Content starts

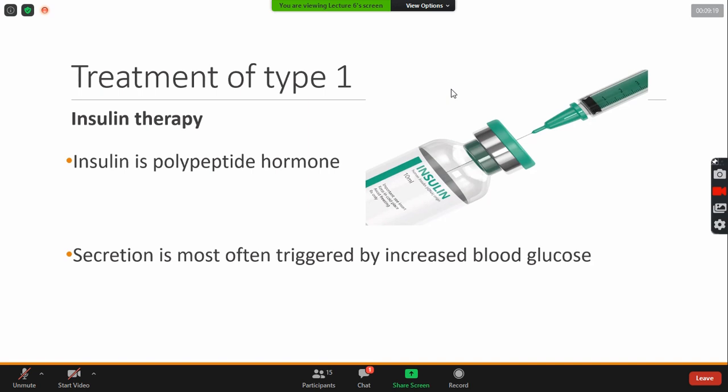When insulin is not in the body, the secretion is not in the body. The blood glucose is increasing. So, what will we do with treatment? We will do with insulin.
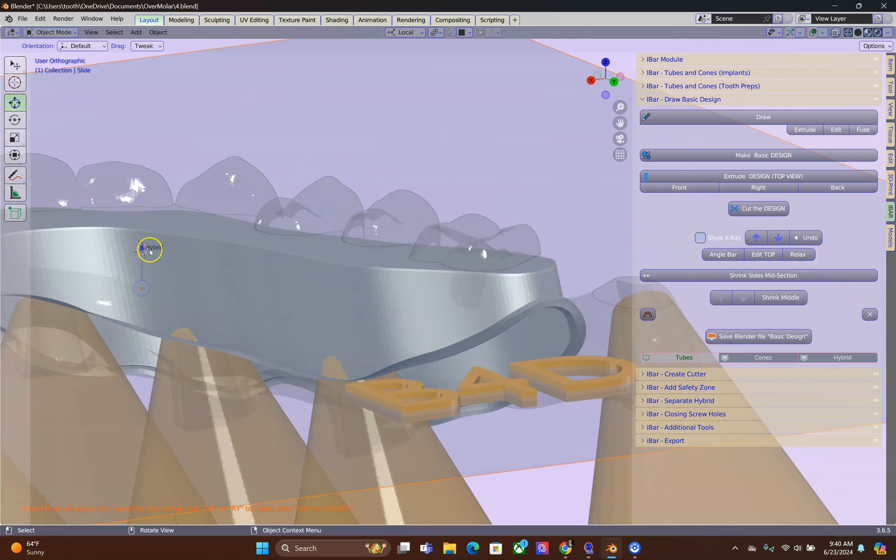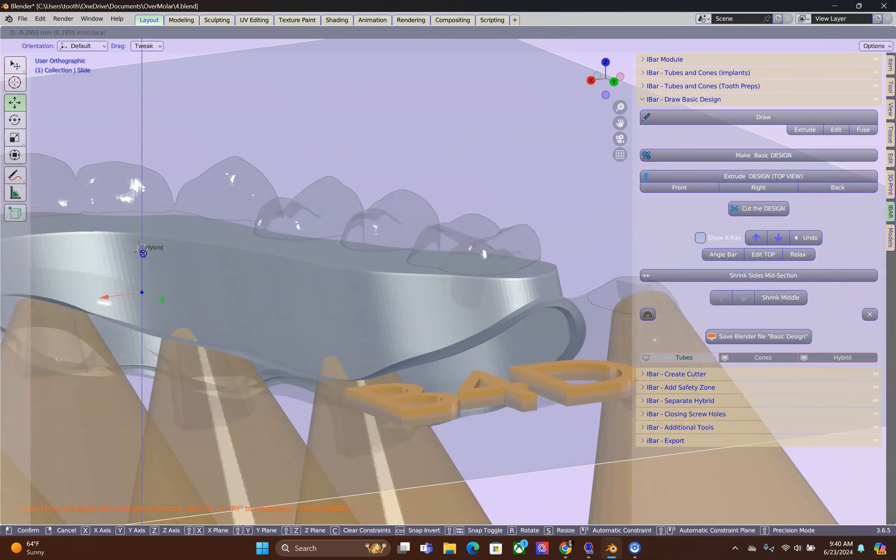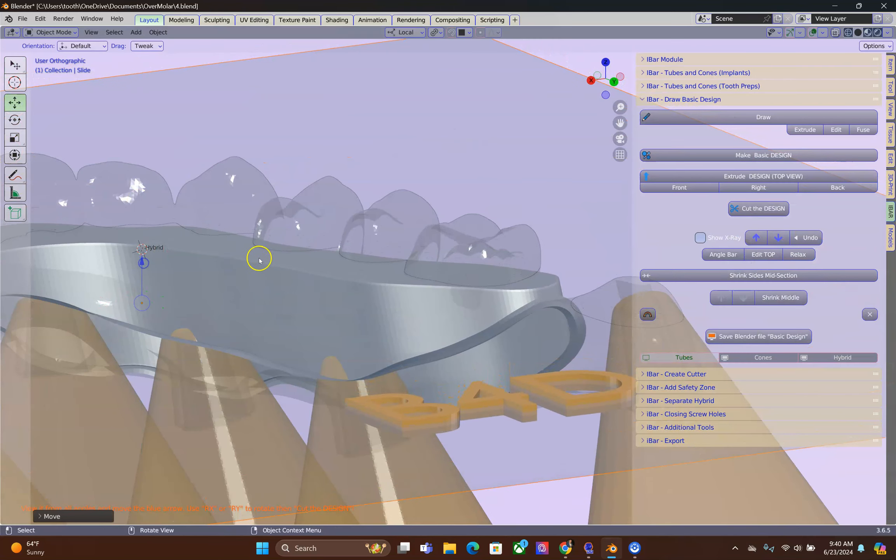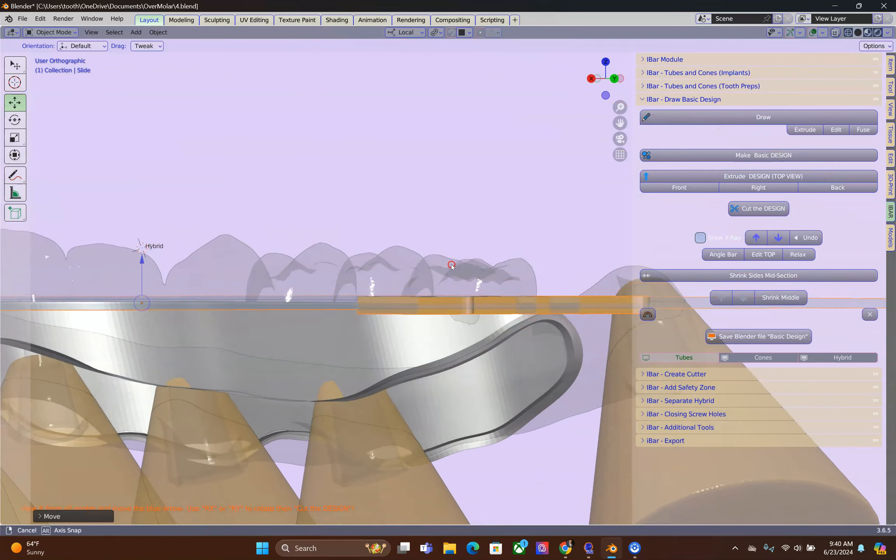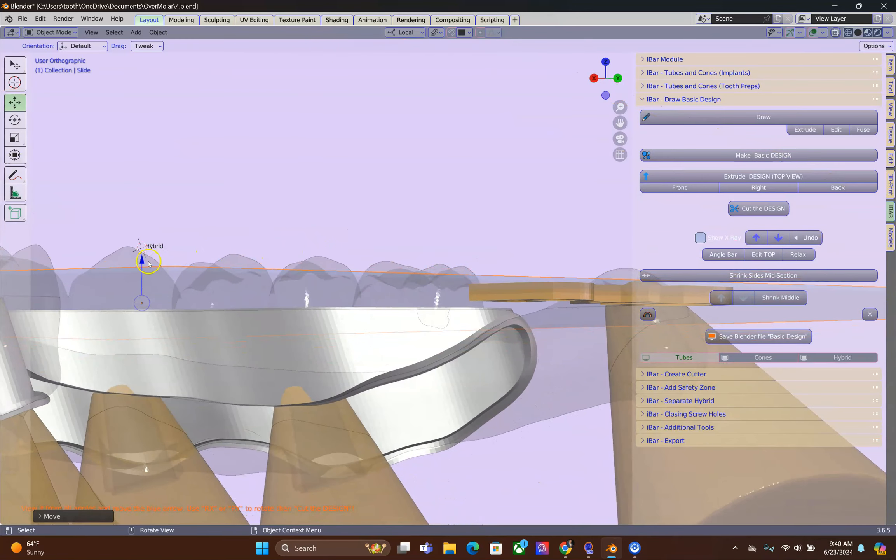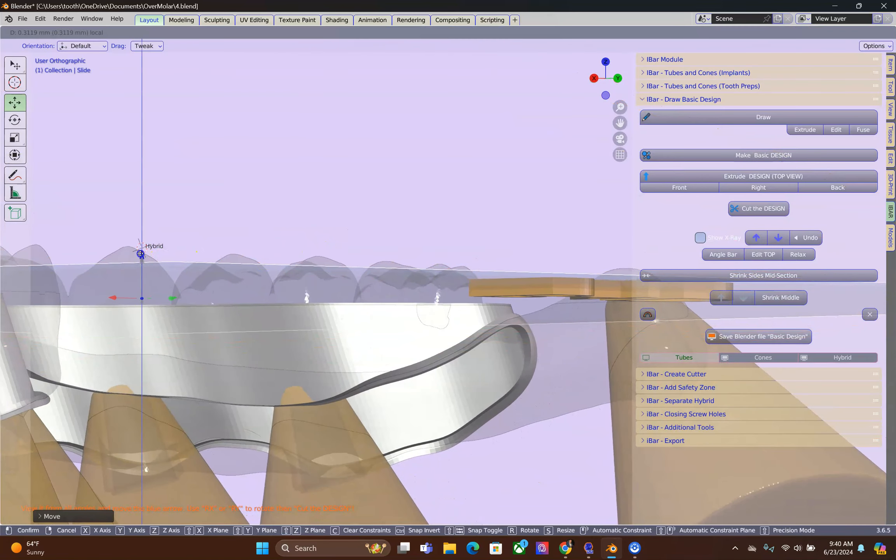I'm going to lower it just a little bit, not too much. And then we're going to cut it.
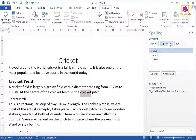After you have fixed a misspelled word using the above steps, Word moves on to the next misspelled word. Repeat the steps until the Spell Check Complete message box appears.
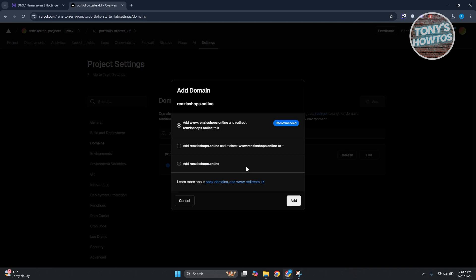Now you have three options here. You have Add Default which is the recommended option, but I would recommend you to use the very first one which is your recommended option here, and just click on Add at the bottom right.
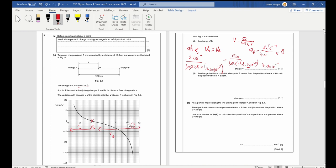Part B2: the change in electric potential when point P moves from x equals 9 centimetres to x equals 3 centimetres. Reading off the graph: at 9 cm the potential is about negative 9, and at 3 cm it's about plus 2 in units of times 10 to the 2 volts. Total change is 12 times 10 to the 2, which is 1200 volts — positive because we're going from negative to positive.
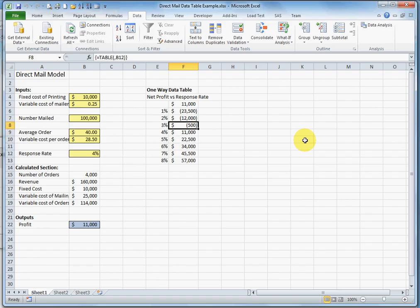We can also see from this data table that the break even is somewhere just over 3%. And that is a one-way data table.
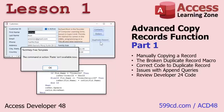In Lesson 1 we're going to cover the background behind why we want to build the advanced copy records function. We'll see how to manually copy a record, then learn about the broken duplicate record macro — it used to work years ago but doesn't anymore. We'll convert that macro to VBA code and fix it with one line of code. Then we'll talk about issues with append queries for copying records, and review Developer 24's code for looping through fields — though you still have to know the field names.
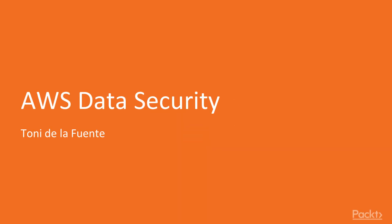Hello and welcome. My name is Tony De La Fuente and this is AWS Data Security, a video course by Packt Publishing.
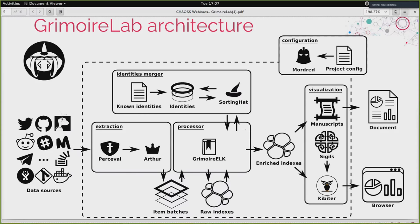That information is combined with the raw indexes to produce the enriched indexes. Enriched indexes are designed to be simpler to visualize and to produce reports with. You can think of them more as simple CSV files stored in a database. You have many fields for each item, and an item can be a commit, a ticket, a mail message, or a Slack channel message. That is visualized by Manuscripts into documents — reports, PDF files, and similar outputs.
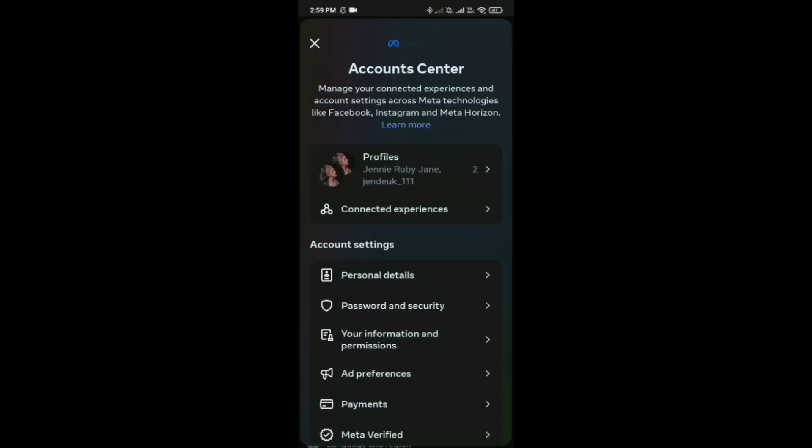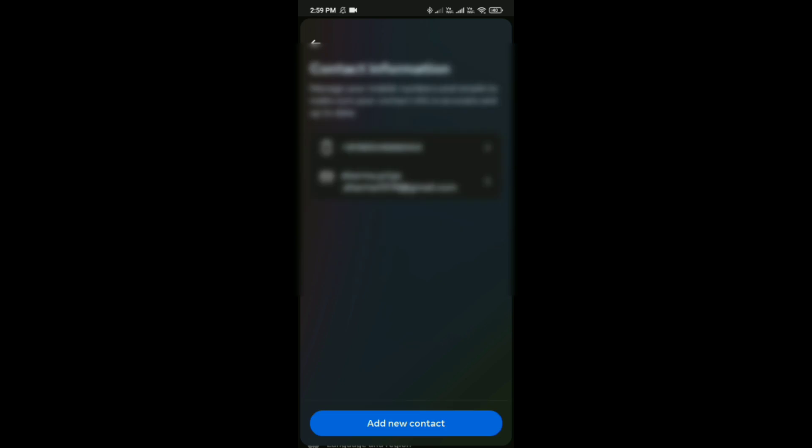Here you can see the Personal Details option. Press on it and now tap on Contact Info. Tap on your contact and here you can see the delete number option. Simply click on delete number and then add your new number.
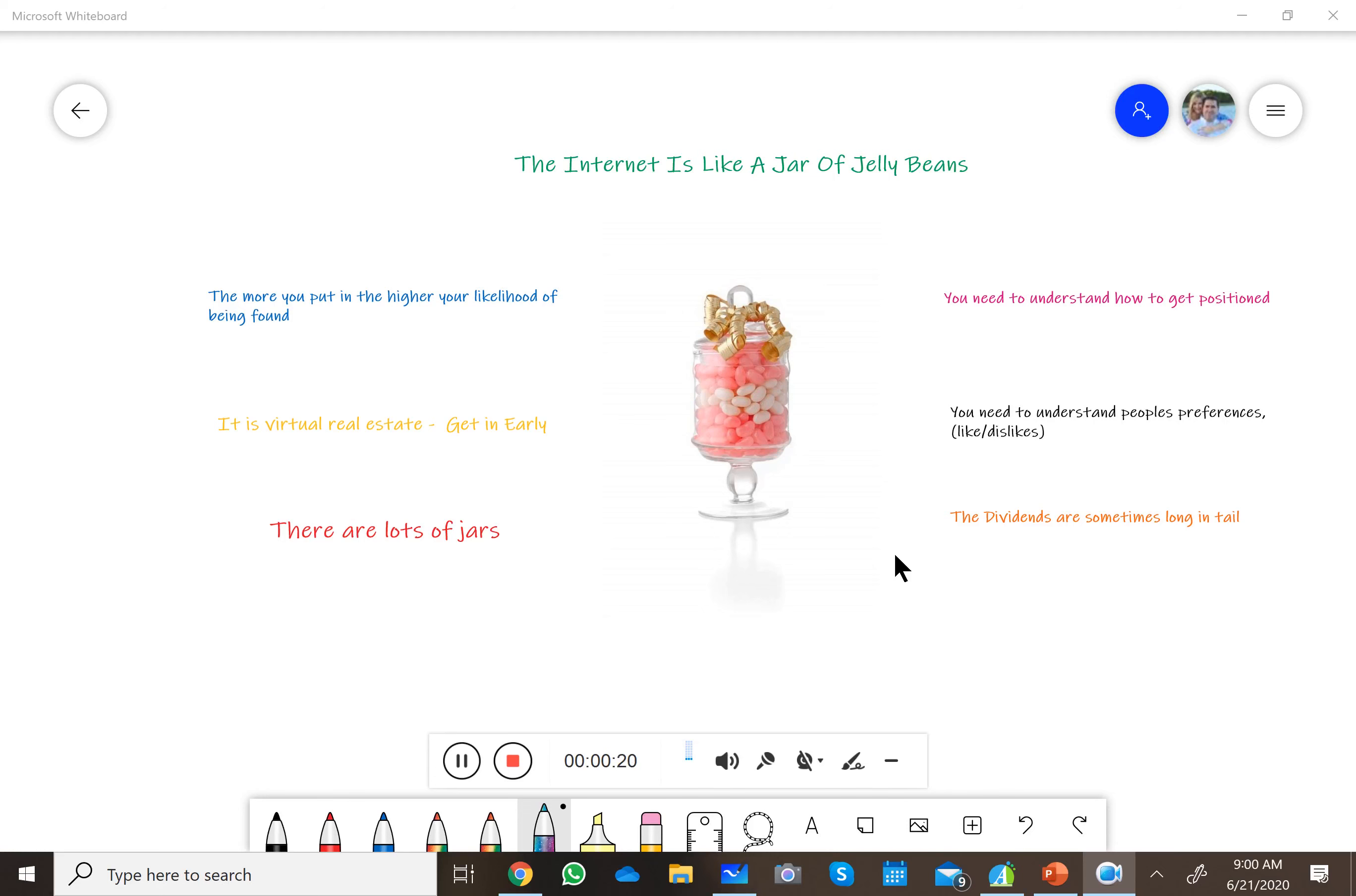The internet and all the social media platforms are specifically jars—jars of candy. And this was the best picture I could find; it was just two different colors. But the bottom line is each one of you, whether it be a franchise office or an agent within it or consultants or attorneys or accountants, represent your business within the internet.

Content ends

Exercise objective:
Repeat exactly the line containing "We can also" and every line after it through the end of the records, and nothing else. Leave the pictures out.

Expected answer:
We can also see from this data table that the break even is somewhere just over 3%. And that is a one-way data table.
In Lesson 1 we're going to cover the background behind why we want to build the advanced copy records function. We'll see how to manually copy a record, then learn about the broken duplicate record macro — it used to work years ago but doesn't anymore. We'll convert that macro to VBA code and fix it with one line of code. Then we'll talk about issues with append queries for copying records, and review Developer 24's code for looping through fields — though you still have to know the field names.
Hello and welcome. My name is Tony De La Fuente and this is AWS Data Security, a video course by Packt Publishing.
That information is combined with the raw indexes to produce the enriched indexes. Enriched indexes are designed to be simpler to visualize and to produce reports with. You can think of them more as simple CSV files stored in a database. You have many fields for each item, and an item can be a commit, a ticket, a mail message, or a Slack channel message. That is visualized by Manuscripts into documents — reports, PDF files, and similar outputs.
Here you can see the Personal Details option. Press on it and now tap on Contact Info. Tap on your contact and here you can see the delete number option. Simply click on delete number and then add your new number.
The internet and all the social media platforms are specifically jars—jars of candy. And this was the best picture I could find; it was just two different colors. But the bottom line is each one of you, whether it be a franchise office or an agent within it or consultants or attorneys or accountants, represent your business within the internet.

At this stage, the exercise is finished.